**YOUR ASSIGNMENT:**
In the listing below, find the line that contains "Zijdehoender usa 4" and the line that contains "Best Best Pest". Quote both and every line between them, exactly, and nothing more.

**DATASET ENTRIES:**
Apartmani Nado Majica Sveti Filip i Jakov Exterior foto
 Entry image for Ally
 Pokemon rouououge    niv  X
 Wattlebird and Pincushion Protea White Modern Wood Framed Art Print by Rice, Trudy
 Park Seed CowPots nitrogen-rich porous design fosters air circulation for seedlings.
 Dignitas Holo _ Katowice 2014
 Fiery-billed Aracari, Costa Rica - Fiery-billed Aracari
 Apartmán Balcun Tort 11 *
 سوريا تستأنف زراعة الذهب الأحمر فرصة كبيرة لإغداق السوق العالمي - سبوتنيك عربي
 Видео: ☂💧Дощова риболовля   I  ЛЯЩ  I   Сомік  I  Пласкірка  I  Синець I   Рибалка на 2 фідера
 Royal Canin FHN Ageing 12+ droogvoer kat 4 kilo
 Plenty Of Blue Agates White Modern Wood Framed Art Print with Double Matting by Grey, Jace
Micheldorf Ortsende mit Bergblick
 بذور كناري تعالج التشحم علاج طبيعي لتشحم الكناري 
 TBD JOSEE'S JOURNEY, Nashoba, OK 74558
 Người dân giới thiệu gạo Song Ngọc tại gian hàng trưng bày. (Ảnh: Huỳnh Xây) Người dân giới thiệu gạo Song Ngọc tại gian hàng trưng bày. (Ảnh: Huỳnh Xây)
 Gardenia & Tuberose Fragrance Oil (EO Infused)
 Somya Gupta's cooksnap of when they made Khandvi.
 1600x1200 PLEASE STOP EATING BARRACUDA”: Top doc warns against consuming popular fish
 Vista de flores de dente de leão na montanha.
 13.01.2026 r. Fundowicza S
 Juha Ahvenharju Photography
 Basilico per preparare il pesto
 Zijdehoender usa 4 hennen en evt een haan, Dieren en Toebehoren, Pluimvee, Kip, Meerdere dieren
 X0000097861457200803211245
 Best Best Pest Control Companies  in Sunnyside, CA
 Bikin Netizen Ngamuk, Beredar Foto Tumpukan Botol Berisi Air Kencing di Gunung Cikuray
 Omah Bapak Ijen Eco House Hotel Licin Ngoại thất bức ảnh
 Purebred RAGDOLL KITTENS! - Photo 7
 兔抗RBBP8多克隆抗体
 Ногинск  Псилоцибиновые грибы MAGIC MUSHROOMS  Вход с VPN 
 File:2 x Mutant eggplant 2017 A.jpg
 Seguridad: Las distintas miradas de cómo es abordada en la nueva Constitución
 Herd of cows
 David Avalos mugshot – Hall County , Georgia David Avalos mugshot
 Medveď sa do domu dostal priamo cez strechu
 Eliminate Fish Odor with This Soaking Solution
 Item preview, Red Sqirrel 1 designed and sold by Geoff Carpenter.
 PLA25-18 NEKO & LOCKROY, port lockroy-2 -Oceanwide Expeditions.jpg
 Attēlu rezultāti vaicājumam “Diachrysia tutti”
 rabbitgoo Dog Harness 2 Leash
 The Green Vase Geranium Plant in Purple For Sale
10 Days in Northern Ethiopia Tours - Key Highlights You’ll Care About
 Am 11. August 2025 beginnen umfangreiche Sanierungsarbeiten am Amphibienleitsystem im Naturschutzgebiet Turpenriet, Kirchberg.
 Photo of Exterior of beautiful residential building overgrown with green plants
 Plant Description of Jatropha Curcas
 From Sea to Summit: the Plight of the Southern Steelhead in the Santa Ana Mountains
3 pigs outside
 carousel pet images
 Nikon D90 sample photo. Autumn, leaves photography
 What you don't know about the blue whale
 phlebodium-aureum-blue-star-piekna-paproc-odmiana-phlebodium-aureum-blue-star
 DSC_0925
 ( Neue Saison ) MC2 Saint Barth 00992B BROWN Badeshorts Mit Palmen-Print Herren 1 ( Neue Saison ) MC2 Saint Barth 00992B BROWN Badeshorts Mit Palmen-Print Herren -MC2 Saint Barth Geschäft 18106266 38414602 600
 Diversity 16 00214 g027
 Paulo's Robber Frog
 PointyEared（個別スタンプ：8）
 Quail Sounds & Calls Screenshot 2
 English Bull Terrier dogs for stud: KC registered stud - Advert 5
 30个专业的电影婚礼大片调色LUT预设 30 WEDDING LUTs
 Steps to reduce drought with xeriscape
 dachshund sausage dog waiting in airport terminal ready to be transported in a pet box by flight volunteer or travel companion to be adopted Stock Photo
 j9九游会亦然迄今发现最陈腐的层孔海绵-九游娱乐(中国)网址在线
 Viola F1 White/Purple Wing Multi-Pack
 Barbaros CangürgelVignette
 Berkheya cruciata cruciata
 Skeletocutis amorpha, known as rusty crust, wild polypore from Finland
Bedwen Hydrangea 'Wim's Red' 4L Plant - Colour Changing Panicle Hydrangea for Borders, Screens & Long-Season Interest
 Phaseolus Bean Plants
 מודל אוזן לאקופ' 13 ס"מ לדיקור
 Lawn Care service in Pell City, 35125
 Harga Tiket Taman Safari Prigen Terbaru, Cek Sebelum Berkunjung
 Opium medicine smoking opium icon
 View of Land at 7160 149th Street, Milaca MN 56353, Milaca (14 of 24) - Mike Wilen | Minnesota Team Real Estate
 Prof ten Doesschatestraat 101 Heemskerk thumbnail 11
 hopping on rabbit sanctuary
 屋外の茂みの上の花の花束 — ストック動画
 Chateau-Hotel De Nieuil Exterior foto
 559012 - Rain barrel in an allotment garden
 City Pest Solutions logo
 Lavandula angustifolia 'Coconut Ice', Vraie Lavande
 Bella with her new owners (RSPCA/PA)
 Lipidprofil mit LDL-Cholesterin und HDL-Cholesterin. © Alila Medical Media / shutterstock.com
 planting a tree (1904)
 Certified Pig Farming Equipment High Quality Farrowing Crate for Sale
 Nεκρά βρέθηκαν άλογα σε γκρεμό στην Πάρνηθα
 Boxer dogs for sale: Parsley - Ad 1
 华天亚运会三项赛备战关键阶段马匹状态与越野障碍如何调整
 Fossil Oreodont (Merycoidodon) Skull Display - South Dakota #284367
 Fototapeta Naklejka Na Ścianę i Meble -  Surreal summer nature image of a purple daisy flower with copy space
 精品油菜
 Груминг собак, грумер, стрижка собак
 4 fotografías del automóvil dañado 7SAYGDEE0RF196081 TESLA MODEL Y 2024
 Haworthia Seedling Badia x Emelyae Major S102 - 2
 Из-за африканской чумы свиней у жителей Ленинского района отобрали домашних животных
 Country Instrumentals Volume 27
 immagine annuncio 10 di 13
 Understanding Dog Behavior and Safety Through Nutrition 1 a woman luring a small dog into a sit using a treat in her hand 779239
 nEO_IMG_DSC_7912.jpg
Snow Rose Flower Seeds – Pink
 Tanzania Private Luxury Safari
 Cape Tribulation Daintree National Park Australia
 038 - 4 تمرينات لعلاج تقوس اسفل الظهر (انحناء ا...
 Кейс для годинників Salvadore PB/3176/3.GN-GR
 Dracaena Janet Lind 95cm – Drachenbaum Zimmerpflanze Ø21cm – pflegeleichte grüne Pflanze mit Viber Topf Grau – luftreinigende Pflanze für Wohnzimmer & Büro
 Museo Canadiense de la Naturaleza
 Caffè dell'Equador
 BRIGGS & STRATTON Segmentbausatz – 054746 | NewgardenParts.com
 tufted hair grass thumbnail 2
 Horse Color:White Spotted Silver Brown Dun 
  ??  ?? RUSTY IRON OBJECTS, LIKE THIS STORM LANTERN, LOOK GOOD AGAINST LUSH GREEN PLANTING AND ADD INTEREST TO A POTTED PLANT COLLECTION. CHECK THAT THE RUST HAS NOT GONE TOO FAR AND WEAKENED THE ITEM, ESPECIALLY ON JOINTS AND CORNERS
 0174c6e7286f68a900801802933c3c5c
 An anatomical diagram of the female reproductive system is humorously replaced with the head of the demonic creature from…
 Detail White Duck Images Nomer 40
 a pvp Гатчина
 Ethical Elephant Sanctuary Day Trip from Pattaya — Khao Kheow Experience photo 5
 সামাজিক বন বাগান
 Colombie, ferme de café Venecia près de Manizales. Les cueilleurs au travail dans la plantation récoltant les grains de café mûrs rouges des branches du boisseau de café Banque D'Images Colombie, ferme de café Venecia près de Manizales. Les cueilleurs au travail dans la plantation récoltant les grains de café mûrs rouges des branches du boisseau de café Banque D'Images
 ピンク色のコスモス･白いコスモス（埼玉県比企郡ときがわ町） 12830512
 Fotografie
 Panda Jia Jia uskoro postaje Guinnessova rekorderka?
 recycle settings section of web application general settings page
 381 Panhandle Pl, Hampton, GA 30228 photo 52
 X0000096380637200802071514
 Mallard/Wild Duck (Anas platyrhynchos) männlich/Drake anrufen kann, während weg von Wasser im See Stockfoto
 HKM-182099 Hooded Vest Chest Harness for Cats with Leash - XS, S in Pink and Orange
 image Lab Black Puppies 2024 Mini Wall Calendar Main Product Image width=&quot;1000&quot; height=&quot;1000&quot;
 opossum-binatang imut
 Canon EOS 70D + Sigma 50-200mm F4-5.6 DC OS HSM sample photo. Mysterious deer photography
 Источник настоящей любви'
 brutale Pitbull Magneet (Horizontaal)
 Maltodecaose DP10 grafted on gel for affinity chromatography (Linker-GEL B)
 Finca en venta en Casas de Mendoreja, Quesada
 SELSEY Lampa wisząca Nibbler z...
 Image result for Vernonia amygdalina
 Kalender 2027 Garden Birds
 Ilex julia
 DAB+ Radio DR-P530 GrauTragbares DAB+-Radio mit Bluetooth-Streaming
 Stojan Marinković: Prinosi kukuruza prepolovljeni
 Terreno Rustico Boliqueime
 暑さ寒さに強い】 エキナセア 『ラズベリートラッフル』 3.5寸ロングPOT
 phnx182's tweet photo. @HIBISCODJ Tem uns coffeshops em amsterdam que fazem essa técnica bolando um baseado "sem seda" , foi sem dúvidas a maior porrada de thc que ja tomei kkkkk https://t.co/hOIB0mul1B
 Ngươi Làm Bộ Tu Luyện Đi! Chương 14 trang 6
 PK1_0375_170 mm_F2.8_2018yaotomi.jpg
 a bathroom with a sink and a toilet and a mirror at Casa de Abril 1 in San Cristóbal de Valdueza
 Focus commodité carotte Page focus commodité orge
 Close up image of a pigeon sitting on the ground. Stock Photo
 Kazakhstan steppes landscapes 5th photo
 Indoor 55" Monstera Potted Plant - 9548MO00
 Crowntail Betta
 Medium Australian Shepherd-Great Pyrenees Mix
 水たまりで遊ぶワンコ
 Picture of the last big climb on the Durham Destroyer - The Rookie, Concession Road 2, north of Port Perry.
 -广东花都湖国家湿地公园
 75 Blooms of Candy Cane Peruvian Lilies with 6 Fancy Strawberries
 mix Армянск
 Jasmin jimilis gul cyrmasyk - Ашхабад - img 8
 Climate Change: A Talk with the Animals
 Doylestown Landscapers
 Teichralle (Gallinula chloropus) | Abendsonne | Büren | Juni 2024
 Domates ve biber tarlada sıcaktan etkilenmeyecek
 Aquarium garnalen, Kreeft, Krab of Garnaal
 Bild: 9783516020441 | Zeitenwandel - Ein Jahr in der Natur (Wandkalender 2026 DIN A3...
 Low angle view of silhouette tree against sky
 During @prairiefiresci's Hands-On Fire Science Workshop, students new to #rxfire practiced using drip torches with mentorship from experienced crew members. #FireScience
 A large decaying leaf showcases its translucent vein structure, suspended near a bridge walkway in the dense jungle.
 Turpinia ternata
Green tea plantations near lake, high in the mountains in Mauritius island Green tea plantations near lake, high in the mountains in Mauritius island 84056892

**ANSWER BOX:**
 Zijdehoender usa 4 hennen en evt een haan, Dieren en Toebehoren, Pluimvee, Kip, Meerdere dieren
 X0000097861457200803211245
 Best Best Pest Control Companies  in Sunnyside, CA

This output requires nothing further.